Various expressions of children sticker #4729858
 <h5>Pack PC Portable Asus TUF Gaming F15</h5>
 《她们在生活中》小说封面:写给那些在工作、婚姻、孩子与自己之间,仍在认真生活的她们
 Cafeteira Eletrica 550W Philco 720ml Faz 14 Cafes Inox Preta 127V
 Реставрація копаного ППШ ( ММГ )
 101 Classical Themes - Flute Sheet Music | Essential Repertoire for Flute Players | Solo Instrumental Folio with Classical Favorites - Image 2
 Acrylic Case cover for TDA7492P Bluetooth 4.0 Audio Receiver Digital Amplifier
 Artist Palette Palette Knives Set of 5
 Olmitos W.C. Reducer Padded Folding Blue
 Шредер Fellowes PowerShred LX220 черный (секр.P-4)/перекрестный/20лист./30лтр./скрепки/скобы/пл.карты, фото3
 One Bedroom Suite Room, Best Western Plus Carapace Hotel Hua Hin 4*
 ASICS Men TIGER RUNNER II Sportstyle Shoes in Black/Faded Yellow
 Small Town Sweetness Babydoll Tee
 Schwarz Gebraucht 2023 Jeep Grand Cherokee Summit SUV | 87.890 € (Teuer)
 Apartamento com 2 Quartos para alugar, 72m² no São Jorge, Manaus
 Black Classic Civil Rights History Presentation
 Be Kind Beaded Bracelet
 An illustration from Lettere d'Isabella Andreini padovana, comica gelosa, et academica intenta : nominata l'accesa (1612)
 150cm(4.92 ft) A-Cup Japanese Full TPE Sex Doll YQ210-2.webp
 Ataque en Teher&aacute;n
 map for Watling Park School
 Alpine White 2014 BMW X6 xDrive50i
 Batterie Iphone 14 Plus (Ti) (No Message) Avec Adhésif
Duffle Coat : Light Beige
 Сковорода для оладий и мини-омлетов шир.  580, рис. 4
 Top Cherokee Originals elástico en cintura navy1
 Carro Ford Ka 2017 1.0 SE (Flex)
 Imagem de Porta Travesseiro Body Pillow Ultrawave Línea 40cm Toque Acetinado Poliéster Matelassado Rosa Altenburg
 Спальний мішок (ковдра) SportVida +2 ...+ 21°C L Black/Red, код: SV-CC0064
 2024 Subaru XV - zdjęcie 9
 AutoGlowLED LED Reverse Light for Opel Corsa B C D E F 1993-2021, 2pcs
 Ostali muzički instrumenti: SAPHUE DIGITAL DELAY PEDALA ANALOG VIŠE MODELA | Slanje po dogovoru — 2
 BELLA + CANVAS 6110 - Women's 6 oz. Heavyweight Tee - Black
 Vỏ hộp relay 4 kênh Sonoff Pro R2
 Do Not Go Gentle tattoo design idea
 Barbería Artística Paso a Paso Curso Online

→ Your objective: Copy out each line of the entries that holds "Cherokee".

→ Exercise output:
 Schwarz Gebraucht 2023 Jeep Grand Cherokee Summit SUV | 87.890 € (Teuer)
 Top Cherokee Originals elástico en cintura navy1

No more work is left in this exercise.